# Whats the weight of the bar on smith machine?



## BigBoiH (Jun 2, 2010)

Title says it all.
Thanks


----------



## PushAndPull (Jun 2, 2010)

Approximately zero


----------



## rockhardly (Jun 2, 2010)

Fucking machine......Damn!!!  This topic needs a sticky or some shit; kinda like a SMITH MACHINE Q&A thread.


Oh, and what difference does it make?  Are you going for a PR on the smith or something?  sheeesh!!!


----------



## BigBoiH (Jun 2, 2010)

rockhardly said:


> Fucking machine......Damn!!!  This topic needs a sticky or some shit; kinda like a SMITH MACHINE Q&A thread.
> 
> 
> Oh, and what difference does it make?  Are you going for a PR on the smith or something?  sheeesh!!!


Lol sorry if it has been covered. I am not going for any records on the machine, but would just like to have it for recording purposes as I am very ocd on writing things down and knowing.


----------



## Built (Jun 2, 2010)

Ignore it. It's a machine and the only thing to track would be what you add to it.


----------



## Curt James (Jun 2, 2010)

Richard Gears said:


> 15ish





PushAndPull said:


> Approximately zero



I was Googling that question previously.  

*how much does a smith machine assembly weigh - Google Search*

Zero to 15 pounds seemed to be pretty popular responses.

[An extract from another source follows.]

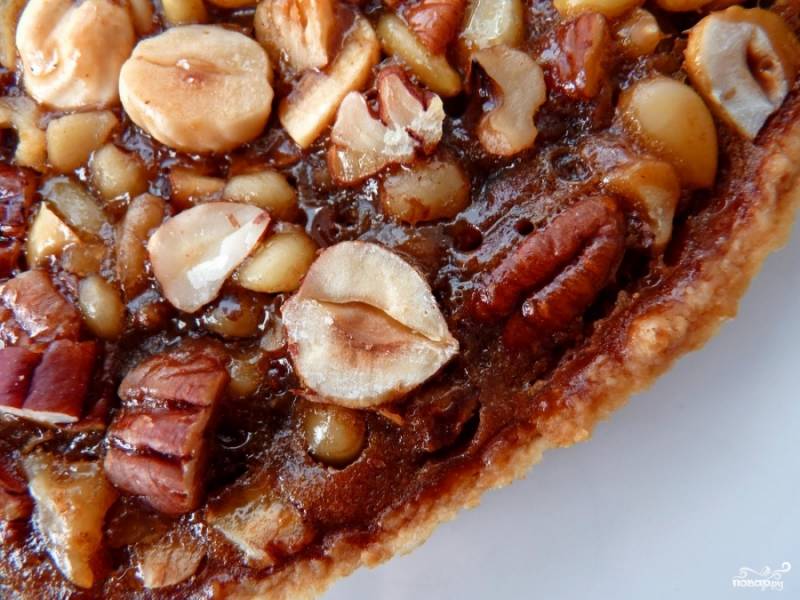 Пирог с черникой и лесными орехами - «Боржоми» — Гастрогид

And as long as you're using the same number to calculate what you've lifted each workout (for progression) then it's all good regardless of the actual number, right?


----------



## CaptainNapalm (Jun 2, 2010)

It's certainly not zero.  If that were the case then it would remain static on it's own when unsupported.  I would say 5 to 10 lbs would be a safe assumption but like others have mentioned you should be recording your weight on it by raw weight not any additional coming from the smith bar itself.  I have also found them to vary from gym to gym so your best bet would be to check yourself.  Grab a 5lb, 10lb, 15lb and 20lb weight (plate or dumbbell) with you, drag it over to the smith machine, support the bar with one arm in a bicep curl position and and grab different weights you have with you using your other arm in the same position and you should be easily able to recognize which one most closely resembles the bar youre supporting.


----------



## PushAndPull (Jun 2, 2010)

CaptainNapalm said:


> It's certainly not zero.  If that were the case then it would remain static on it's own when unsupported.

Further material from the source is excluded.